The study, The Great Portal Payoff: Matching Internet Marketing to Consumer Behavior, analyzes Internet usage data from NetRatings, the Internet audience measurement and analysis firm, to conclude that marketers must adapt to the new reality of Internet portals – like Yahoo!, AOL and MSN – as destinations, and abandon direct marketing and banner ads in favor of brand building through sponsorships, new service offerings and co-branded ventures, among other methods. At the same time, the portals themselves must redesign their revenue models.

Portals remain enormously popular. Sixty percent of Internet user sessions include a visit to a portal; by contrast, consumers go to entertainment sites only 22% of the time they access the Web. News and information sites are visited in 20% of user sessions, while shopping sites show up in 17%, and sports sites in only 5%. Users spend far more time at portals than anywhere else – an average of 4½ hours per month, three times more than they spend at shopping or entertainment sites.

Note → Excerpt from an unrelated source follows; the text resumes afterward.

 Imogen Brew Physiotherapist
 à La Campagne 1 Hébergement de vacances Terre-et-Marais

Virtually all users – 98% – have visited a portal at some point, compared with the 80% who have visited entertainment or information sites, and the 43% who have tried financial sites.

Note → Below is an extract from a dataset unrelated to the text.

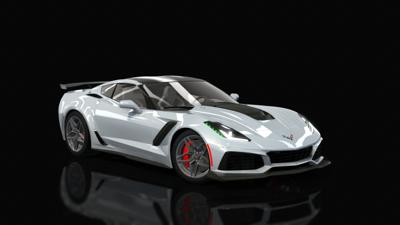 Chevrolet Corvette C7 ZR1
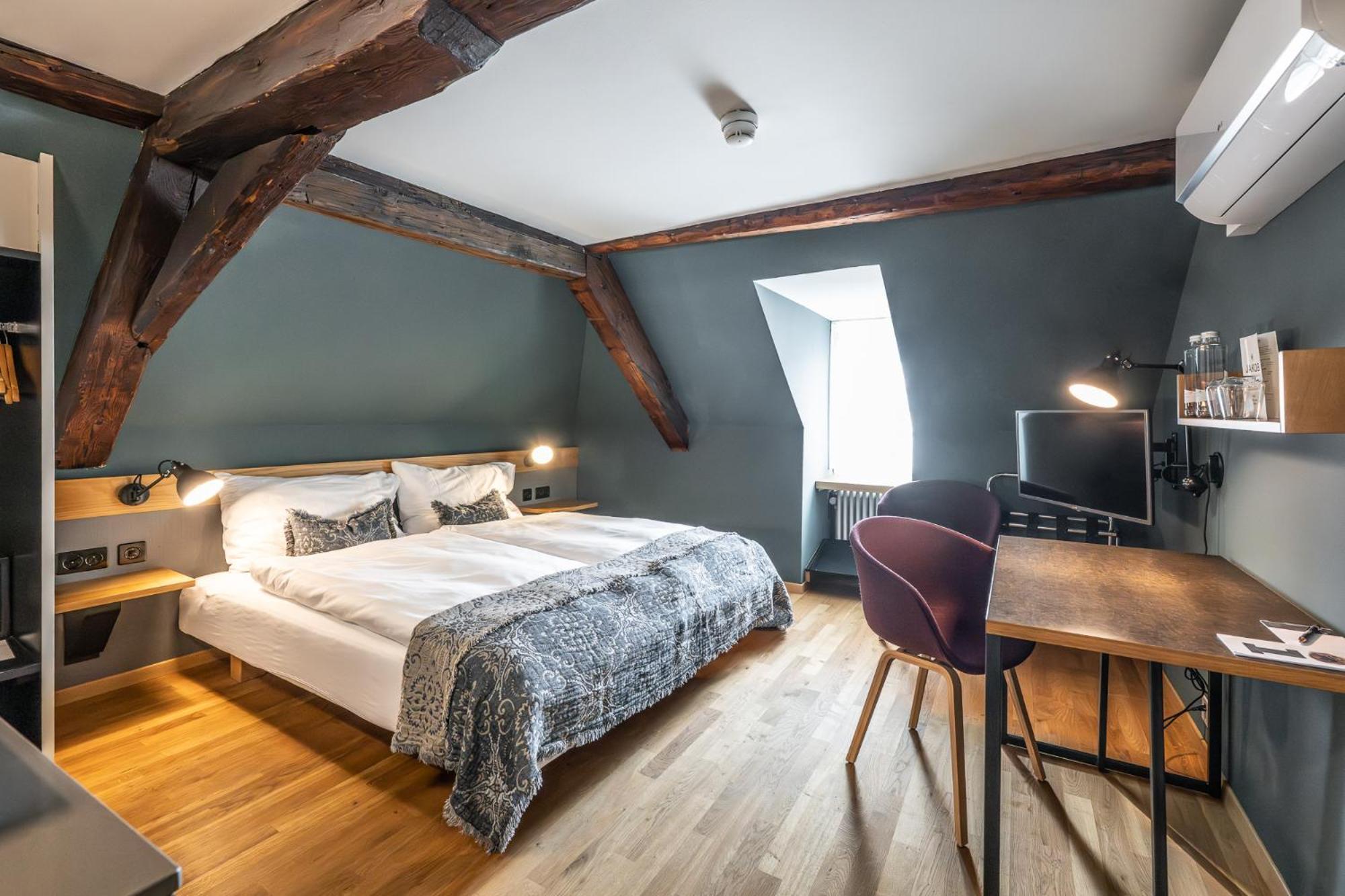 Hotel Jakob Rapperswil  Екстер'єр фото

Booz·Allen believes the best way for marketers to capture these “eyeballs” is to treat portals as brand development venues, paying them for the total numbers of impressions they deliver. In addition, companies should consider sponsorships – attaching their names and messages to appropriate parts of a portal site, or creating altogether new sections. For example, Quicken.com sponsors the Money & Investing section of Excite, complete with chat links to Quicken loan consultants. Pepsi and Yahoo teamed up for a Fall promotion in which Yahoo built Pepsistuff.com, a site where consumers redeemed points online for Pepsi merchandise.

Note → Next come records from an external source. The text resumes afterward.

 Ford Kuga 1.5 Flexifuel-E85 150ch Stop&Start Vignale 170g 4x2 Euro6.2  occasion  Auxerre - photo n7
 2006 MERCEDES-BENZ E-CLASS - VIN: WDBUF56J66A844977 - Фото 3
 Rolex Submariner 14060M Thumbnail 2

Despite this dramatic change, the study found, many portals still cling to an outdated revenue model that relies on advertising payments based in part on click-through rates. Banner ads accounted for half of all Internet advertising in the second quarter of 2000, according to the Internet Advertising Bureau, although click-through rates for banner ads fell more than 40% between October 1999 and October 2000. For example, today only approximately 0.1% of portal visitors click on banner ads, yet Yahoo currently receives 90% of its revenue from ads. Only AOL, which gets 64% of its revenues by selling access to the Internet, does not rely heavily on income from click-through ads.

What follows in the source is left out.